Your task => Nothing but the lines from the start of the records below through the line that has "Intravascular Imaging: OCT" should appear, each exactly as given.

Provided material =>

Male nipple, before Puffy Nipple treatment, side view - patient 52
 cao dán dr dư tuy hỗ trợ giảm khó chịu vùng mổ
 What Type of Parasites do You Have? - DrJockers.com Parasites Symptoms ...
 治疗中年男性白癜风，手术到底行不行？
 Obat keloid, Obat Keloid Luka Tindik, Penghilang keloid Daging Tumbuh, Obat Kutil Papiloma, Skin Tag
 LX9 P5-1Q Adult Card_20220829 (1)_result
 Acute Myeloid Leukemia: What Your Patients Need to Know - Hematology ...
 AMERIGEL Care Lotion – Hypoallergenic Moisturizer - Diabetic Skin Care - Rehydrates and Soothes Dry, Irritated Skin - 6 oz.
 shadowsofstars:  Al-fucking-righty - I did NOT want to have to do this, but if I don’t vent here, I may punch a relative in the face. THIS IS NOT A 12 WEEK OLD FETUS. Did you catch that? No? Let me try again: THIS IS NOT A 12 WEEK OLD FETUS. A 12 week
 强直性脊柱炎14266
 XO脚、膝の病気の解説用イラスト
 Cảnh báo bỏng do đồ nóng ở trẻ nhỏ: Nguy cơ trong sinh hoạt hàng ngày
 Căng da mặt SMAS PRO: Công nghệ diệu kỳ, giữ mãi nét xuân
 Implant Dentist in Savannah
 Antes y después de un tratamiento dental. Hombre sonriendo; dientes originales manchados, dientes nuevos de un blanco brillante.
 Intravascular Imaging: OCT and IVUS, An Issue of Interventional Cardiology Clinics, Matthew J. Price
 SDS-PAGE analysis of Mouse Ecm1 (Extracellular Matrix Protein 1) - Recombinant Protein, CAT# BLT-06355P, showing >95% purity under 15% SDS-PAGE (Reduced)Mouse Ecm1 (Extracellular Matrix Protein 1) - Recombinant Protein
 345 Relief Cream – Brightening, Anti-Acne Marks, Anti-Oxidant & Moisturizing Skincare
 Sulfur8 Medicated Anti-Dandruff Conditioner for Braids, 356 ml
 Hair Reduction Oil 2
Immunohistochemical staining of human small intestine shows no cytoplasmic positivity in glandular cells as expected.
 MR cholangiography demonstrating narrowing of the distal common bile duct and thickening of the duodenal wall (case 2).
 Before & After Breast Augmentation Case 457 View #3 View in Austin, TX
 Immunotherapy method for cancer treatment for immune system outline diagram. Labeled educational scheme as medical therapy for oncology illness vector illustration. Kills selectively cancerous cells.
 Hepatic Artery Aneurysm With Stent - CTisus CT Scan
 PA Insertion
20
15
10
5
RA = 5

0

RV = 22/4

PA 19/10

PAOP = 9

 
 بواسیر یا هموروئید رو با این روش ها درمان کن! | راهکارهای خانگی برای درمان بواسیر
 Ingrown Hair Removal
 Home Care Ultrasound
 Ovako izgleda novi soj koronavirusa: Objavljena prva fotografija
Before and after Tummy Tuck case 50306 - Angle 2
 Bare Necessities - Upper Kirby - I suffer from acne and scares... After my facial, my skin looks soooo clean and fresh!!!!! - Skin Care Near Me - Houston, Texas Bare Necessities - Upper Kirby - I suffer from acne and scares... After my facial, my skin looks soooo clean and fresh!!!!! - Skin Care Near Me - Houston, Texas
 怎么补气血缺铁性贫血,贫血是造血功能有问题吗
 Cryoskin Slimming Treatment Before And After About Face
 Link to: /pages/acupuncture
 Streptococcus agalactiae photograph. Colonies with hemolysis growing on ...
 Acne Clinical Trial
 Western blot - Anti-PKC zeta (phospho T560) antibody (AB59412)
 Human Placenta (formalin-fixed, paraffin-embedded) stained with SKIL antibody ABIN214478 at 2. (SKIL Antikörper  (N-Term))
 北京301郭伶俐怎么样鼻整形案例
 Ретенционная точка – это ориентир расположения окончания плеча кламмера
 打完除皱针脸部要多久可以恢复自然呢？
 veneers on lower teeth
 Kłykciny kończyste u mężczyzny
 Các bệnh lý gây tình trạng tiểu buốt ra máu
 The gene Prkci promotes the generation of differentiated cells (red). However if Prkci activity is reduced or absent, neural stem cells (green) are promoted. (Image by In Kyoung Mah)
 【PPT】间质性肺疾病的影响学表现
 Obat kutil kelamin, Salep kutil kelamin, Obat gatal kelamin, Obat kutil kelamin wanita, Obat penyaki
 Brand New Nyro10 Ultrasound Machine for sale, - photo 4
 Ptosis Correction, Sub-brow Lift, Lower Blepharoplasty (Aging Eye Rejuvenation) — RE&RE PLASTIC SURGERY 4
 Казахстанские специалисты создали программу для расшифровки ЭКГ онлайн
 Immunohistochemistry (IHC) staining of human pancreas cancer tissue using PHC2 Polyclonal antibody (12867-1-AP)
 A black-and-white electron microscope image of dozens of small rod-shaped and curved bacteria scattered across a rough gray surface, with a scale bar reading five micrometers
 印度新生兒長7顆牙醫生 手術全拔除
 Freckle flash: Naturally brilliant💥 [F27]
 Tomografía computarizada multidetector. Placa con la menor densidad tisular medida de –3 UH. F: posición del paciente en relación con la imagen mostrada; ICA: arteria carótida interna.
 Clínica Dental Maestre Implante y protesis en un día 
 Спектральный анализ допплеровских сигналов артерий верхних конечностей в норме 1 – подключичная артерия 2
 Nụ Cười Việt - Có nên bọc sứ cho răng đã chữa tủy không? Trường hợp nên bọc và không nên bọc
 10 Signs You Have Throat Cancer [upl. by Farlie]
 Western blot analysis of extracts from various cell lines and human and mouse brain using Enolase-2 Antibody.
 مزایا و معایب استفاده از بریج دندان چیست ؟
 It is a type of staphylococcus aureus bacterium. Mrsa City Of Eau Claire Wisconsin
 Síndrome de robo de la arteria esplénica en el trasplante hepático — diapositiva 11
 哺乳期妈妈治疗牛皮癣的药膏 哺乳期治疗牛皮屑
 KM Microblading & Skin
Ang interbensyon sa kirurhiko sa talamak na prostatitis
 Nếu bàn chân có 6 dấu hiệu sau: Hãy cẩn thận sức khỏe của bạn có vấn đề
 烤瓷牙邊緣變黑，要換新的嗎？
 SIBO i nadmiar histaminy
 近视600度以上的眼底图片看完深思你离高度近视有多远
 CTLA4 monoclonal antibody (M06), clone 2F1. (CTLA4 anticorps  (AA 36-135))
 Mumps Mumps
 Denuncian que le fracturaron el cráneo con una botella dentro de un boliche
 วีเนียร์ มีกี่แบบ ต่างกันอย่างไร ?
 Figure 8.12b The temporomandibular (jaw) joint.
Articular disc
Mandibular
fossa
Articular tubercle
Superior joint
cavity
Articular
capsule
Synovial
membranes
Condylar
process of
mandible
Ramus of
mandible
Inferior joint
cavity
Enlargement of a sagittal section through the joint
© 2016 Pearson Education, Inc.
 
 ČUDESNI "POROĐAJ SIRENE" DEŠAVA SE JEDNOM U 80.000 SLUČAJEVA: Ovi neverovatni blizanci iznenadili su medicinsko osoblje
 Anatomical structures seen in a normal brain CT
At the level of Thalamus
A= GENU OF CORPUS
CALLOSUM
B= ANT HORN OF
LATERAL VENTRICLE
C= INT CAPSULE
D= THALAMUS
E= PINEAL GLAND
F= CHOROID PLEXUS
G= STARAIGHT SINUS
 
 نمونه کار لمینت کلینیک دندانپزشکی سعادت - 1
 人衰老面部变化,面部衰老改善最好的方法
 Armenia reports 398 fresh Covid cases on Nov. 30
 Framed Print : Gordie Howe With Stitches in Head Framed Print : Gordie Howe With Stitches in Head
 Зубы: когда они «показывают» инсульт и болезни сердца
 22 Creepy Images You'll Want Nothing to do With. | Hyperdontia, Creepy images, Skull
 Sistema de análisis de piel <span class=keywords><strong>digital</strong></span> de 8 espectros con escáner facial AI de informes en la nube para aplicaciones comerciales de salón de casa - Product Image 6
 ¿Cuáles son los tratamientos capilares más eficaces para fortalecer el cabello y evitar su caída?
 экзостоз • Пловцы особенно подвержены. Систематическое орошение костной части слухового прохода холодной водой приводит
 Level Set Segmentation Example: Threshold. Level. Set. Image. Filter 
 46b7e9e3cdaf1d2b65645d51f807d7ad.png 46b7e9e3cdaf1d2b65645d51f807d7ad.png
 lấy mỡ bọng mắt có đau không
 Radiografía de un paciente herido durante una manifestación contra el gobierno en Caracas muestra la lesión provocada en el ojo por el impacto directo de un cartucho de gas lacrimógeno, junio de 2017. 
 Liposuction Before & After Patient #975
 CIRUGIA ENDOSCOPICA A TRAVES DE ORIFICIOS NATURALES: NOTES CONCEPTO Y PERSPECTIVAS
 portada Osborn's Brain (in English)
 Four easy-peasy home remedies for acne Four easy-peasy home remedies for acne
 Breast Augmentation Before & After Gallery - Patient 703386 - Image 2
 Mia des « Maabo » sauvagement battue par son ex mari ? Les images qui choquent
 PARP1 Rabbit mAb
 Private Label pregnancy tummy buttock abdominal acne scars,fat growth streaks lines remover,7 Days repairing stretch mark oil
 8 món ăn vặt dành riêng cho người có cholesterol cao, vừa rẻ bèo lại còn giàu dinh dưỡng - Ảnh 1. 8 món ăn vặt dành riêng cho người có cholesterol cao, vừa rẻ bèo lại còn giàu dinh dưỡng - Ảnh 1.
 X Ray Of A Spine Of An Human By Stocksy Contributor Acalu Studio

Result of this exercise =>
Male nipple, before Puffy Nipple treatment, side view - patient 52
 cao dán dr dư tuy hỗ trợ giảm khó chịu vùng mổ
 What Type of Parasites do You Have? - DrJockers.com Parasites Symptoms ...
 治疗中年男性白癜风，手术到底行不行？
 Obat keloid, Obat Keloid Luka Tindik, Penghilang keloid Daging Tumbuh, Obat Kutil Papiloma, Skin Tag
 LX9 P5-1Q Adult Card_20220829 (1)_result
 Acute Myeloid Leukemia: What Your Patients Need to Know - Hematology ...
 AMERIGEL Care Lotion – Hypoallergenic Moisturizer - Diabetic Skin Care - Rehydrates and Soothes Dry, Irritated Skin - 6 oz.
 shadowsofstars:  Al-fucking-righty - I did NOT want to have to do this, but if I don’t vent here, I may punch a relative in the face. THIS IS NOT A 12 WEEK OLD FETUS. Did you catch that? No? Let me try again: THIS IS NOT A 12 WEEK OLD FETUS. A 12 week
 强直性脊柱炎14266
 XO脚、膝の病気の解説用イラスト
 Cảnh báo bỏng do đồ nóng ở trẻ nhỏ: Nguy cơ trong sinh hoạt hàng ngày
 Căng da mặt SMAS PRO: Công nghệ diệu kỳ, giữ mãi nét xuân
 Implant Dentist in Savannah
 Antes y después de un tratamiento dental. Hombre sonriendo; dientes originales manchados, dientes nuevos de un blanco brillante.
 Intravascular Imaging: OCT and IVUS, An Issue of Interventional Cardiology Clinics, Matthew J. Price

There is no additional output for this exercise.